Cleland and Roukes at the California Institute of Technology have reported the fabrication and characterization of a working nanometre-scale mechanical electrometer. The device has demonstrated a charge sensitivity below a single electron charge per unit bandwidth (~0.1 electrons/Hz at 2.61 MHz) better than that of state-of-the-art semiconductor devices and comparable with the charge detection capabilities of cryogenic single electron transistors.

Prof. Ramgopal Rao and his group at IIT Bombay have developed a MEMS-based accelerometer using a polymer composite (Fig. 4.6), which can sense acceleration levels down to the 100 mg range. A low-cost technique at temperatures below 100°C has been used for the fabrication, which allows easy integration with CMOS.

Single-walled carbon nanotubes have been shown to exhibit piezoresistive effect, i.e. when they are bent or stretched, their electrical resistance changes. Based on this principle, carbon nanotube–based pressure and strain sensors have been developed. The pressure sensor consists of an ultrathin aluminium oxide membrane to which carbon nanotubes are attached. To calibrate the device, the deformation of the membrane in response to applied pressure was measured using white-light interferometry. They then monitored changes in nanotube resistance as a function of strain. They could detect a change even for strains as small as a hundredth of a percent, which in this case were induced by pressures of a few tens of kilopascals. The sensing nanotube was in this case metallic so that the gauge factor was positive. It had a value close to that of the best silicon devices.

Flow sensors have also been realised using SWNT. The SWNT bundles were packed between two metal electrodes and it was observed that they produced electrical signals in response to fluid flow. This is due to the direct scattering of the free carriers from the fluctuating coulombic fields of the ions or polar molecules in the flowing liquid. It was found through experiments that the ionic strength of the flowing liquid significantly affected the induced voltage.

The electronic properties, such as the local density of states, of single-walled carbon nanotubes are shown to be extremely sensitive to the chemical environment, because in this case all the tube atoms are surface atoms. The electrical conductivity and thermoelectric power also vary during exposure to several gas species and most of the nanotube-based chemical sensors are developed based on this principle.

It has been observed that the electrical resistance of individual semiconducting SWNTs changes by up to three orders of magnitude on exposure to NO₂ or NH₃

Fig. 4.6 MEMS accelerometer fabricated using polymer composite. (Source: V Ramgopal Rao, IIT Bombay)

molecules at room temperature. Using this effect, a chemical sensor in which a single semiconducting SWNT was placed in contact with titanium or gold metal electrodes at the end has been fabricated. SWNT-based hydrogen sensors have also been demonstrated by sputter-coated individual and bundled SWNTs with Pd nanoparticles. The conductivity was found to decrease by 50% and 33% for the individual and nanotube bundles respectively, on exposure to an air mixture containing 400 ppm of hydrogen. Oxygen sensors based on change in resistance and thermoelectric power on exposure to oxygen have been reported.
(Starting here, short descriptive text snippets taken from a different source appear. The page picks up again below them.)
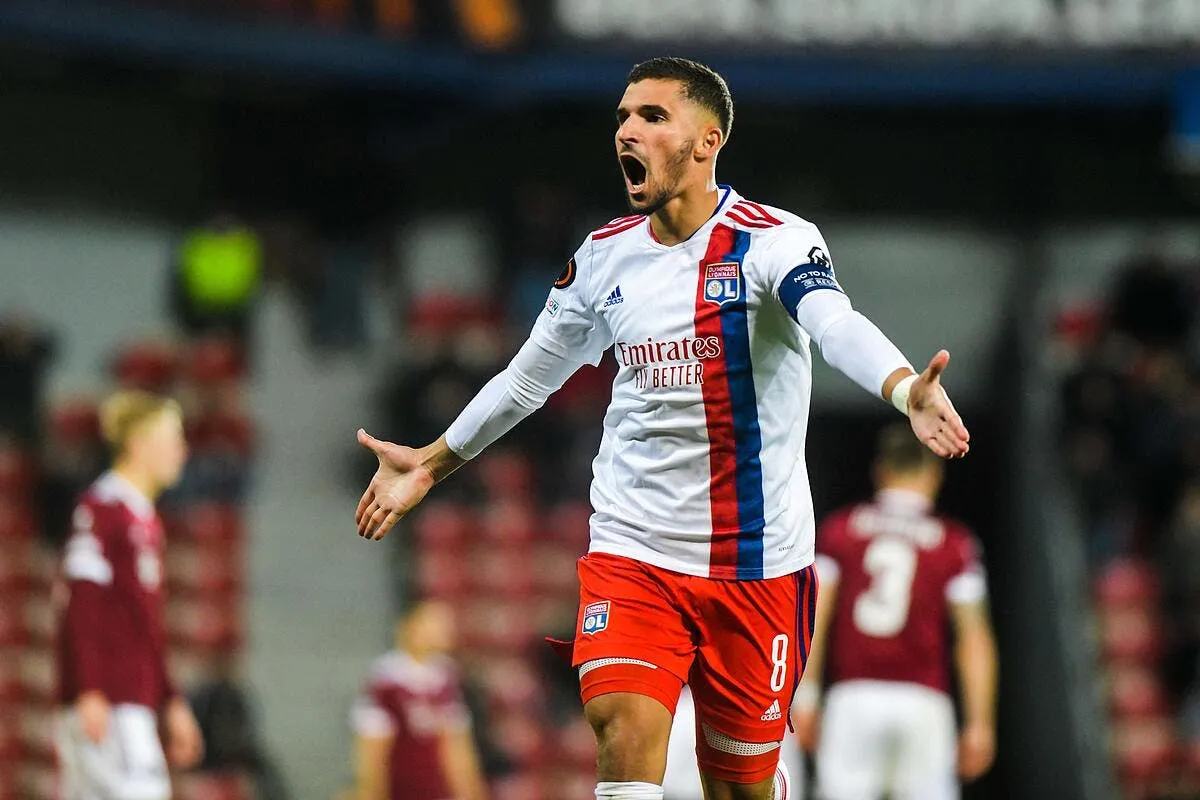 el toko ekambi offre une incroyable remontada a l ol icon 211021jac049 326343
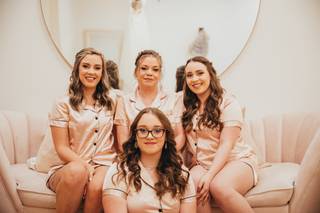 R salon and spa - 21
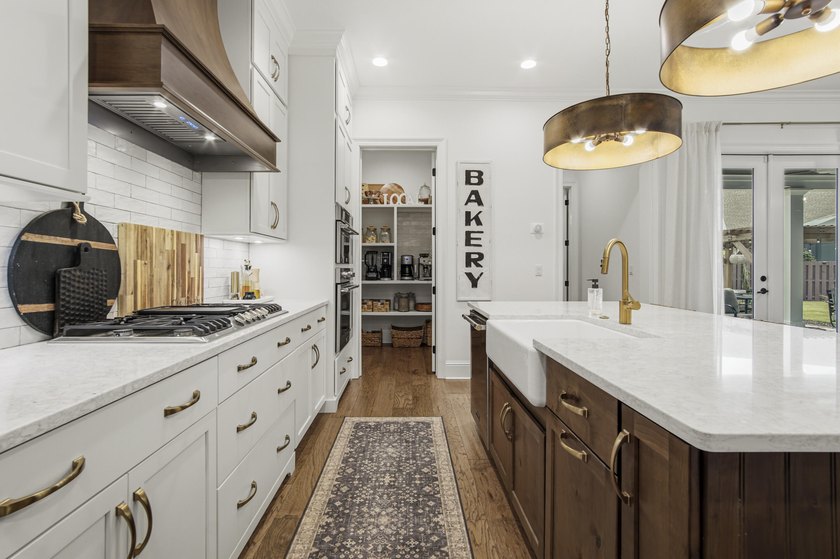 SPECIAL RATES AVAILABLE ON THIS HOME. CONTACT LISTING AGENT FOR - photo 11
For biosensors, various ligands can be connected to a nanotube transducer in order to recognise target molecules specifically. The large surface areas available for molecule adsorption make carbon nanotubes a suitable material for biosensors. Carbon nanotube–based sensors are a thousand times smaller that microelectromechanical systems (MEMS) sensors and consume less power. These two important advantages will foster their use as implantable devices. Such biosensors based on functionalized carbon nanotubes will provide high sensitivity, large linear range, fast response, long life and low detection thresholds for different analytes.